**TASK TO COMPLETE**. Look through the listing below for the line with "bathroom featuring plenty" and the line with "Grooms stand in". Copy both, along with every line between them, exactly and with no pictures.

### RECORDS PROVIDED ###

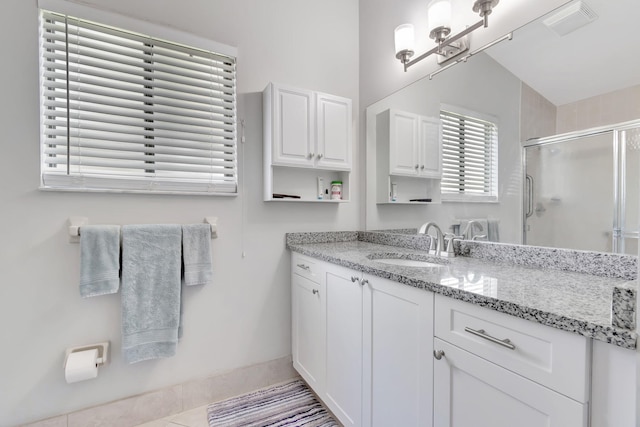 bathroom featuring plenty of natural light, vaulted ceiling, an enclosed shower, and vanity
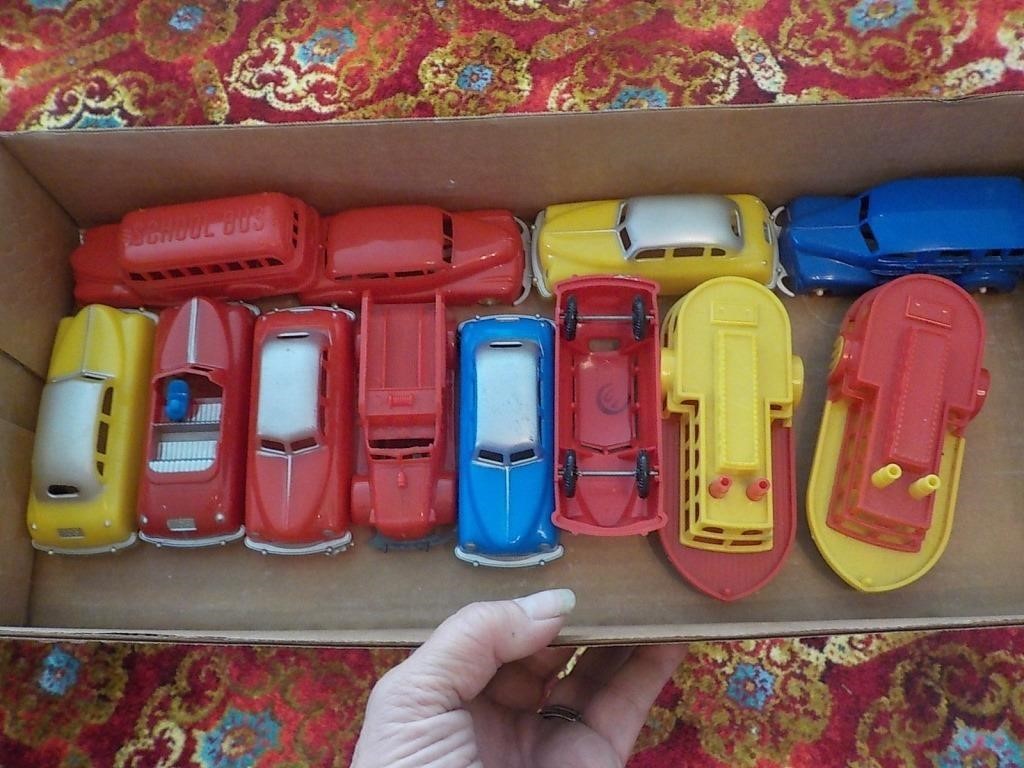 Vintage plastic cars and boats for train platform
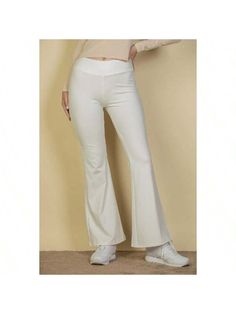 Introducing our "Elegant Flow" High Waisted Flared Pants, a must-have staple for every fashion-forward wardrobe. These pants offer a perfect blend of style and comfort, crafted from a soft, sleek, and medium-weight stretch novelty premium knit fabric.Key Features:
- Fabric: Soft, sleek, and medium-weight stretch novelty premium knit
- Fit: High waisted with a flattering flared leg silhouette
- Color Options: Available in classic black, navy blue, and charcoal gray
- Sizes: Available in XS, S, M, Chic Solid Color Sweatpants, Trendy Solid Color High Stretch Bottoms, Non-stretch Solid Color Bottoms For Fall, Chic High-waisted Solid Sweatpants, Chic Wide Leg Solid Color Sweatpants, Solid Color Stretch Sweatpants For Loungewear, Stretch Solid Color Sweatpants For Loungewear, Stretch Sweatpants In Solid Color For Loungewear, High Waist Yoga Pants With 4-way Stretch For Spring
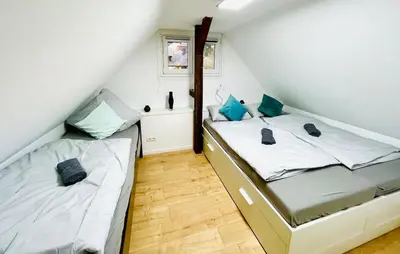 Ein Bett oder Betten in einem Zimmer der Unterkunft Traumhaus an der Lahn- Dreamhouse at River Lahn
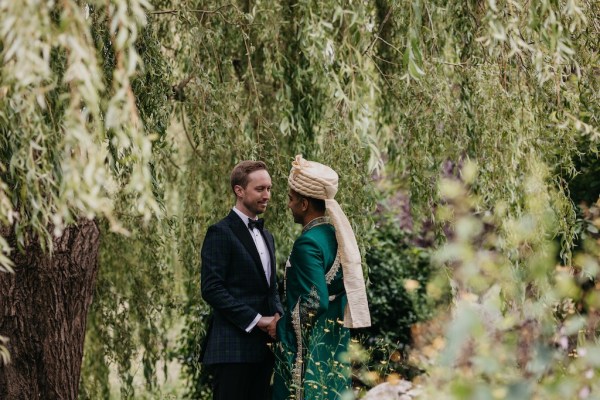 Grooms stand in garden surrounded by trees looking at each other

###
### RECORDS PROVIDED ###

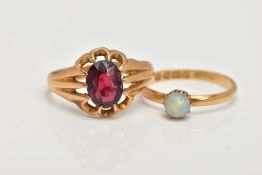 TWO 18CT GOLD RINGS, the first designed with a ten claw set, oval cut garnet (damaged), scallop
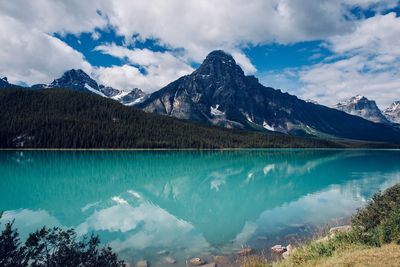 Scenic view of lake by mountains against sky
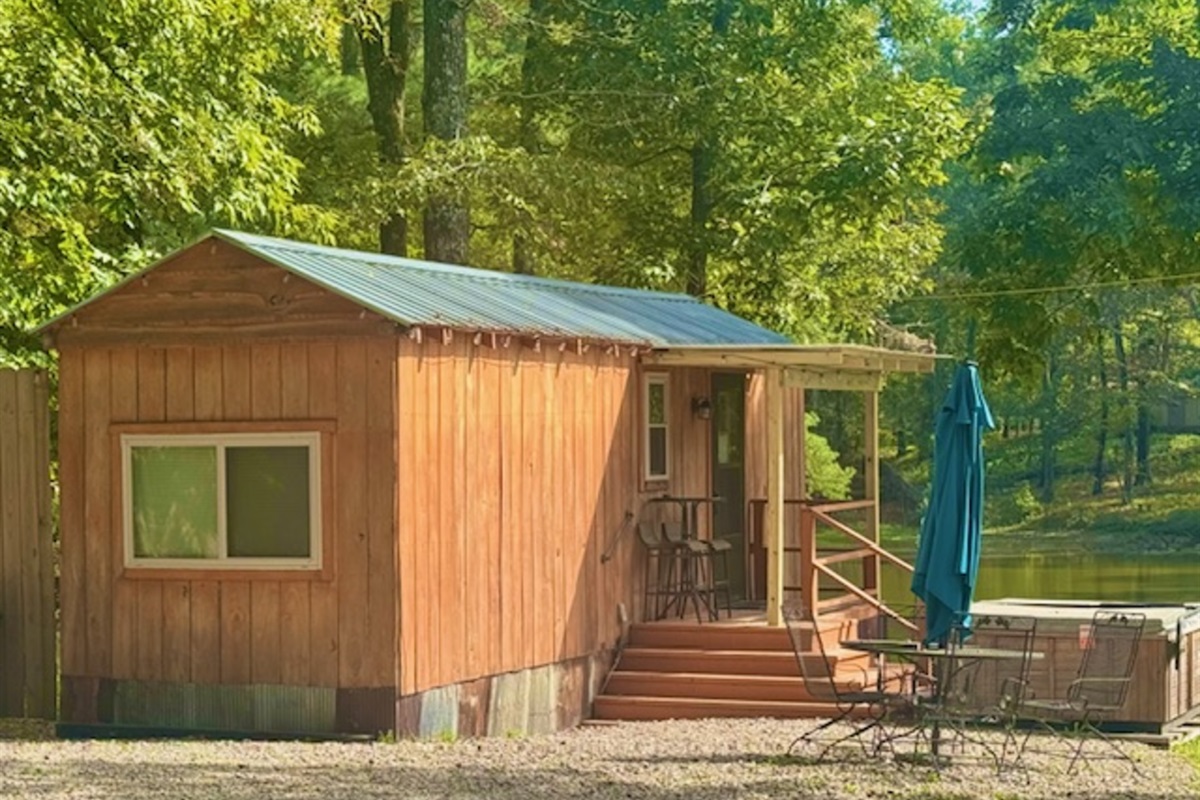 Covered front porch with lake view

###

**THE COMPLETED TASK**.
 bathroom featuring plenty of natural light, vaulted ceiling, an enclosed shower, and vanity
 Vintage plastic cars and boats for train platform
 Introducing our "Elegant Flow" High Waisted Flared Pants, a must-have staple for every fashion-forward wardrobe. These pants offer a perfect blend of style and comfort, crafted from a soft, sleek, and medium-weight stretch novelty premium knit fabric.Key Features:
- Fabric: Soft, sleek, and medium-weight stretch novelty premium knit
- Fit: High waisted with a flattering flared leg silhouette
- Color Options: Available in classic black, navy blue, and charcoal gray
- Sizes: Available in XS, S, M, Chic Solid Color Sweatpants, Trendy Solid Color High Stretch Bottoms, Non-stretch Solid Color Bottoms For Fall, Chic High-waisted Solid Sweatpants, Chic Wide Leg Solid Color Sweatpants, Solid Color Stretch Sweatpants For Loungewear, Stretch Solid Color Sweatpants For Loungewear, Stretch Sweatpants In Solid Color For Loungewear, High Waist Yoga Pants With 4-way Stretch For Spring
 Ein Bett oder Betten in einem Zimmer der Unterkunft Traumhaus an der Lahn- Dreamhouse at River Lahn
 Grooms stand in garden surrounded by trees looking at each other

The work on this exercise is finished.